In-Memory Databases: Speed Through Encoding Elimination

The performance advantage of in-memory databases is not primarily about avoiding disk reads — the OS page cache already serves hot data from RAM for disk-based databases. The advantage is avoiding the overhead of encoding in-memory data structures into a disk-serializable format. In-memory databases can expose data structures impossible to implement efficiently with disk-based indexes: Redis priority queues, sorted sets, HyperLogLog counters. Durability options include battery-backed DRAM, periodic snapshots, append-only change logs (RAM Cloud's approach), and async replication. VoltDB, SingleStore, and Oracle TimesTen offer relational models in-memory; Redis and Memcached offer key-value stores with varying durability guarantees.

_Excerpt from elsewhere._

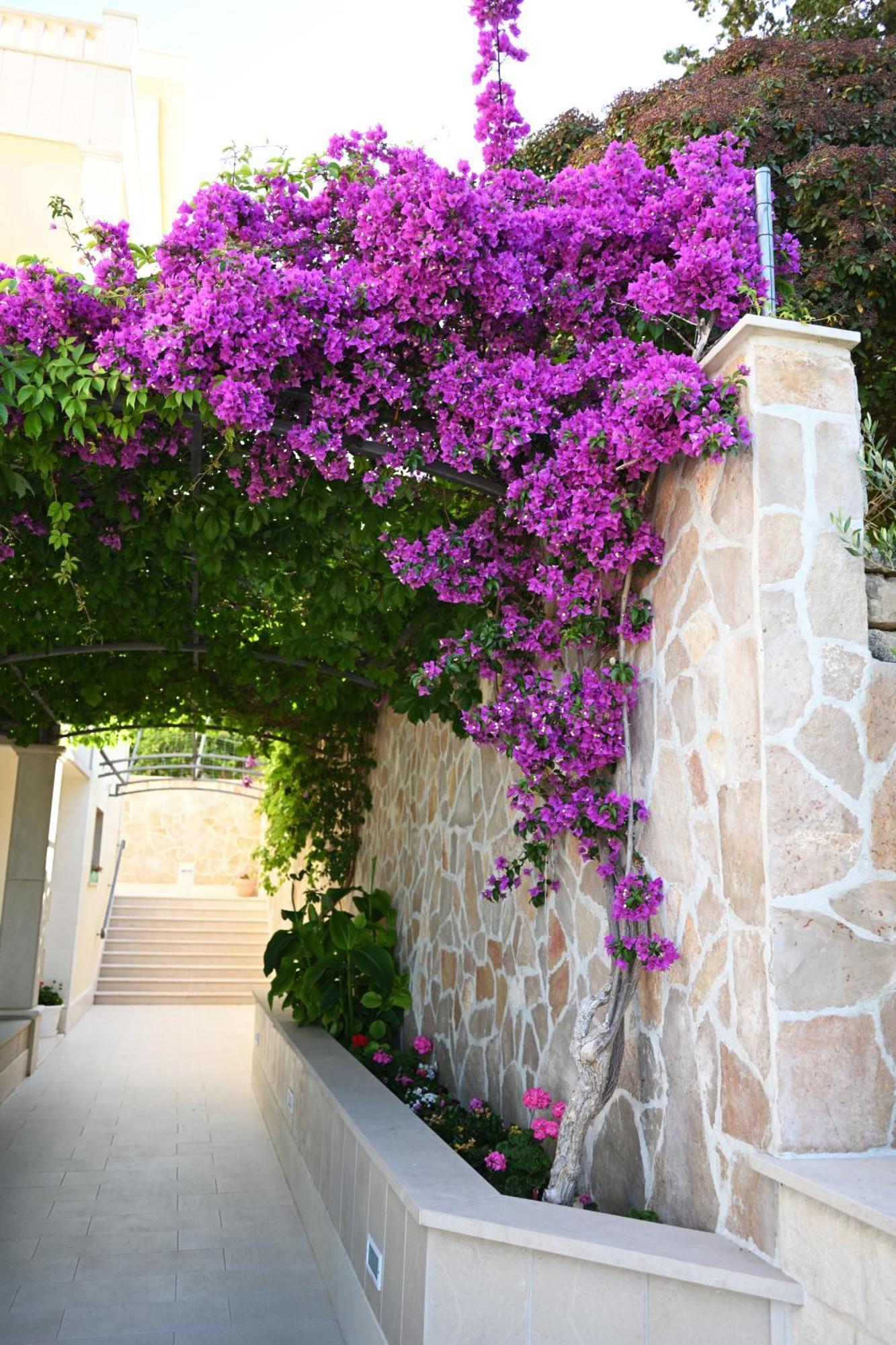 Apartman Hvar Malisko Hvar Town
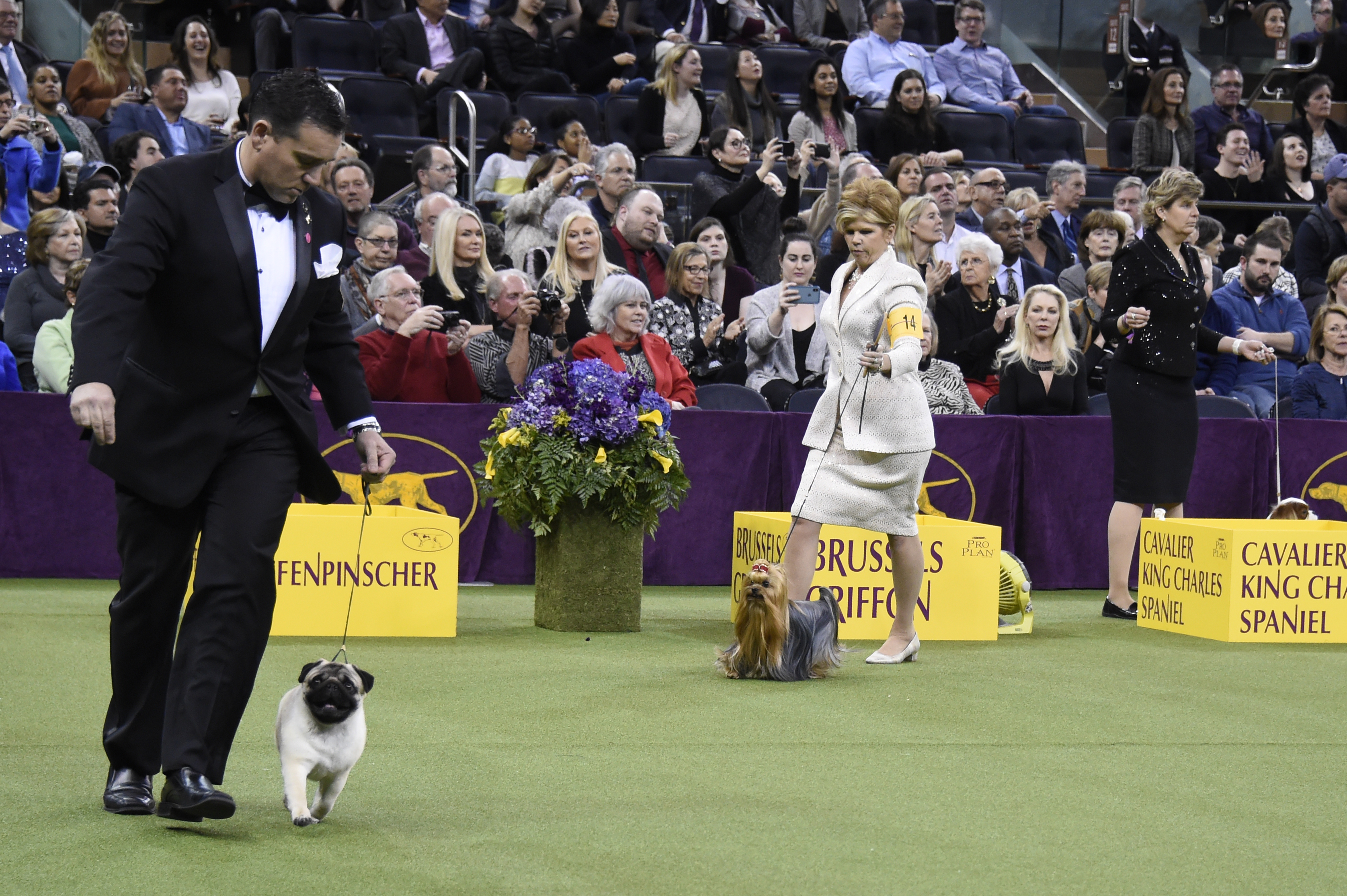 westminster dog show 2018 toy group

Column-Oriented Storage: Analytics at Petabyte Scale

Column-oriented (columnar) storage stores all values of each column contiguously rather than all columns of each row. A query accessing 4 of 100 columns only reads and decompresses those 4 column files. Columnar storage also compresses dramatically better: a single column contains homogeneous values of one type, and columns in fact tables often have low cardinality (e.g., a product_sk column in a billion-row sales table may have only 100,000 distinct values). Bitmap encoding creates one bitmap per distinct value; run-length encoding compresses runs of repeated bits. Columnar storage is used in Snowflake, BigQuery, Amazon Redshift, DuckDB, Apache Parquet, Apache Arrow, ORC, InfluxDB IOx, TimescaleDB, and others.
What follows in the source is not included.